Mãos de artista
À entrada, dois grandes fornos industriais de finais do século XIX dão as boas vindas ao visitantes que, em busca da famosa porcelana, se deparam primeiro com estes gigantes em tijolo e só depois com as frágeis peças que fazem da Vista Alegre uma das mais reconhecidas marcas mundiais. Mas o percurso não é aleatório. Foram estes fornos que, durante praticamente duzentos anos de história, prepararam boa parte dos produtos que hoje passam de pais para filhos, numa herança quase obrigatória, ou nos grandes elementos decorativos presentes em instituições públicas ou privadas.
A Vista Alegre acaba por tocar todos os portugueses, ou porque são fiéis depositários de uma peça até à geração seguinte, ou porque se identificam com os ideais do seu fundador, José Ferreira Pinto Basto, um humanista que mais do que construir uma fábrica, quis erigir uma comunidade viva, em que os valores da solidariedade e justiça social estavam acima de quaisquer outros. E parece ter sido bem sucedido. Quase a cumprir 200 anos, o bairro social que acolhe os trabalhadores da unidade produtiva ainda tem 40 famílias que ali vivem com muitos dos benefícios idealizados em 1824, como o grupo de teatro, o clube de futebol ou a filarmónica…

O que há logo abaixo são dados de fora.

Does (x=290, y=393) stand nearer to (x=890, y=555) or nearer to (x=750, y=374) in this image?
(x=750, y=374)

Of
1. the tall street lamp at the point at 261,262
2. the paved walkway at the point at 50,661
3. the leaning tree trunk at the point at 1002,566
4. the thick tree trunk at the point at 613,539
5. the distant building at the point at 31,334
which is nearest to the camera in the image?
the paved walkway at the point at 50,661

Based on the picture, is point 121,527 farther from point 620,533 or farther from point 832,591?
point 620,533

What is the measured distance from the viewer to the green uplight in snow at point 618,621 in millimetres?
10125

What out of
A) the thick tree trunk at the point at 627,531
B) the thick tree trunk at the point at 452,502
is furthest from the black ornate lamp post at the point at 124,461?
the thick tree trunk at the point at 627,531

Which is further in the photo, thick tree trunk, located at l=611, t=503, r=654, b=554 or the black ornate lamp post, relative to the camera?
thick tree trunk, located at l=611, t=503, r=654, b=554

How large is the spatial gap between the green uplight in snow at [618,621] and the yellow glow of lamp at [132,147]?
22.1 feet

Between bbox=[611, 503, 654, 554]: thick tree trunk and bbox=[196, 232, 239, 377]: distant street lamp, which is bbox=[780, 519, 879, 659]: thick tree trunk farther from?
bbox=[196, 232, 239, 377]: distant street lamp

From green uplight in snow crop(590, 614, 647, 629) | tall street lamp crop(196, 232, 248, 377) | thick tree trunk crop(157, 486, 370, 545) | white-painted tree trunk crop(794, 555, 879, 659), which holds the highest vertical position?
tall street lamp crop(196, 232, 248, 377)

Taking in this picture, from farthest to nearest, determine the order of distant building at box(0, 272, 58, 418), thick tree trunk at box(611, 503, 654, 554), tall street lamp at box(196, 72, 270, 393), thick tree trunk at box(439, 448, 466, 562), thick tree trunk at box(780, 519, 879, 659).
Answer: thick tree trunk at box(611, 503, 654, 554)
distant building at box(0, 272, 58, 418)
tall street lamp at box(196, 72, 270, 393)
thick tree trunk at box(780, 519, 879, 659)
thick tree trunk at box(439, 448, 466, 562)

Foi também nesse ano inaugural que surgiu a ideia de fazer nascer um espaço museológico associado à fábrica. Segundo Filipa Quatorze, diretora do Museu da Vista Alegre, esta necessidade surgiu do “reconhecimento do valor da porcelana, da sua arte e estética mas também da exigência da sua técnica de produção”. Existem relatos, que datam de meados do século XIX, referindo a existência de um lugar que guardava, não só um exemplar das peças que iam sendo produzidas, mas também a coleção privada da família Pinto Basto. No entanto, foi preciso esperar até 1964 para que este espaço fosse aberto ao público. E mais uns anos para chegarmos ao atual museu, com um acervo de 30 mil peças que contam cerca de 200 anos de história de produção.
O circuito de visita, que parte dos tais grandes fornos industriais dos finais do século XIX, segue uma organização cronológica que começa por dar a conhecer a história da fábrica e do museu, desembocando em várias salas que vão permitir compreender algumas das fases mais emblemáticas do projeto da Vista Alegre. Temos assim um núcleo dedicado às artes decorativas, que passa em revista a sua evolução estética, com uma sala dedicada só à arte nova e aos seus artistas. Há outro núcleo que se debruça sobre a grande porcelana de comemoração – que, segundo Filipa Quatorze, “mostra tanto a cronologia da história do país como da fábrica, mas principalmente a história de cada um, das lembranças que passam de geração em geração”. E finalmente os núcleos da porcelana de aparato, mais clássica, e das peças do início da produção, mais luxuosas, com o romantismo do século XIX a ser o grande móbil. Pelo meio, o visitante tem uma surpresa muito especial. O ateliê de pintura manual está localizado no museu, sensivelmente a meio do percurso, o que significa uma oportunidade única para ver a magia das pintoras da fábrica que conseguem transformar qualquer peça Vista Alegre num autêntico objeto de arte. Afinal estamos a falar de um museu.